Fricative consonants (the unvocalised sounds created by forcing air through a constricted channel) are an especially expressive feature of German: witness Judas’s onomatopoeically self-lacerating consonants in zerreißt mein Fleisch, zerquetscht die Knochen. These fricative sounds (z, sch, tsch, ch, zw, schw, etc.) are very hard to emulate with the bow, simply because – unlike the human voice – a string instrument cannot easily make long un-pitched, ‘a-musical’ sounds; our attempts in this area tend to mask or even obliterate the singers’ text rather than enhancing it. Here, it is much better that we match the length, colour and stress of the vowel sounds, leaving space for the singers to be clear and expressive with their consonants. The great challenge is to play in such a way as to leave space for the fricatives without allowing our own line to break, so that the instrumentalist’s syllables (i.e. bow strokes) can join together into words even though there might be silent space between them. For a singer, this is a question of making sure that the vowel is joined to the consonant sounds either side of it. For the bow, it is a question again of managing the bow speed (i.e. breath) and of keeping the bow on the string so as to articulate the sounds without breaking the line. In the Tochter Zion aria Sprichst du denn auf dies Verklagen, for example, the first word contains a short, bright vowel surrounded by two pairs of fricatives and plosives; the second word begins with a stop consonant connected to a long, dark and unstressed vowel; the third is dominated by a nasal consonant. Working out how to create these sounds with our bow is the constant game of playing in German. Of course it is also true of other languages, but the less percussive, more obviously linear musicality of the Italian language, and the predominance of the vowels as the carriers of expression, make the challenges and the techniques used rather different.

For singers the job of communicating text is overt, so the challenges faced in changing language are at least clear, if not easy. Baroque instrumentalists are, of course, well used to playing music in different languages too, but the lexicon we have traditionally used to describe our articulations (‘short’, ‘long’, ‘legato’, ‘staccato’, ‘accented’, ‘smooth’) are entirely insufficient to allow us to approach different languages in different ways. Once we accept the notion of replicating specific linguistic sounds, we can bring not only our accompaniments but also our purely instrumental music to life in a very different and more eloquent way. It was hearing Handel’s music – so familiar to me in Italian – with German texts that really brought this reality home, but the repercussions stretch beyond Handel, beyond operas and oratorios, and into concerti and dance suites and early symphonies too.

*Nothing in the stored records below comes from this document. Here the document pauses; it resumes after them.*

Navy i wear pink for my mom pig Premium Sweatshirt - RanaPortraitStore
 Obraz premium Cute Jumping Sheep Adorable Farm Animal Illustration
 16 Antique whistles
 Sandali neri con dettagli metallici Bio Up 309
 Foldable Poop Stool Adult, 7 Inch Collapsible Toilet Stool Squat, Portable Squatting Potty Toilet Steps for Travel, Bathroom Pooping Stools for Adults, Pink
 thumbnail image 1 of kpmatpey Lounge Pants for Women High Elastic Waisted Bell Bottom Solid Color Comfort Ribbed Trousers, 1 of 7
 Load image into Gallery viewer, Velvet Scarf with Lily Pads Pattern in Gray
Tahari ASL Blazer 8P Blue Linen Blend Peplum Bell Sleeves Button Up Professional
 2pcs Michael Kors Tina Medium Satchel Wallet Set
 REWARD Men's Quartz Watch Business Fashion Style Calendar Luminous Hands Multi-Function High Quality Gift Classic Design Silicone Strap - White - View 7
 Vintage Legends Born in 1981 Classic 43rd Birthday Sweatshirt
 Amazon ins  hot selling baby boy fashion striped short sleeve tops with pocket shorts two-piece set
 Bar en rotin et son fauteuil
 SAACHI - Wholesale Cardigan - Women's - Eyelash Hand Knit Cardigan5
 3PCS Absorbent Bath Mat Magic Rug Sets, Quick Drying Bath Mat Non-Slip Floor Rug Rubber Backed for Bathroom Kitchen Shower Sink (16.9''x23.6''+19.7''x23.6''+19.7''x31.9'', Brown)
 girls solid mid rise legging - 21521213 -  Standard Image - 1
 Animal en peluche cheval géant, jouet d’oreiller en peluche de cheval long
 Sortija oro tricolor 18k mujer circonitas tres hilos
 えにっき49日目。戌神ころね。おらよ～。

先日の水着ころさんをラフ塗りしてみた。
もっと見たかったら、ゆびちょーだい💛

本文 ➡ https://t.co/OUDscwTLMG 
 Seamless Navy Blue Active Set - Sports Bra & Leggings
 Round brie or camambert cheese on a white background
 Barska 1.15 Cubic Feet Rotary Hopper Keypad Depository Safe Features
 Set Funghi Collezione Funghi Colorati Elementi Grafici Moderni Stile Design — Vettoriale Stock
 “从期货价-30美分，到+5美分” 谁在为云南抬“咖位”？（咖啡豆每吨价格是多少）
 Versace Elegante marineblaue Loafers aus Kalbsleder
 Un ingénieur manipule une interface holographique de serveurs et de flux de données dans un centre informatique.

In instrumental music we may lack the semantic specificity that spoken languages offer, but by employing the full variety of sounds borrowed from any and all languages we can play not only parlante, but sprechend, too.

Joseph Crouch is principal cellist of The English Concert and co-principal cellist of the Academy of Ancient Music. The new AAM recording of the Brockes Passion, the first to be based on all the available early sources, is to be published in October 2019.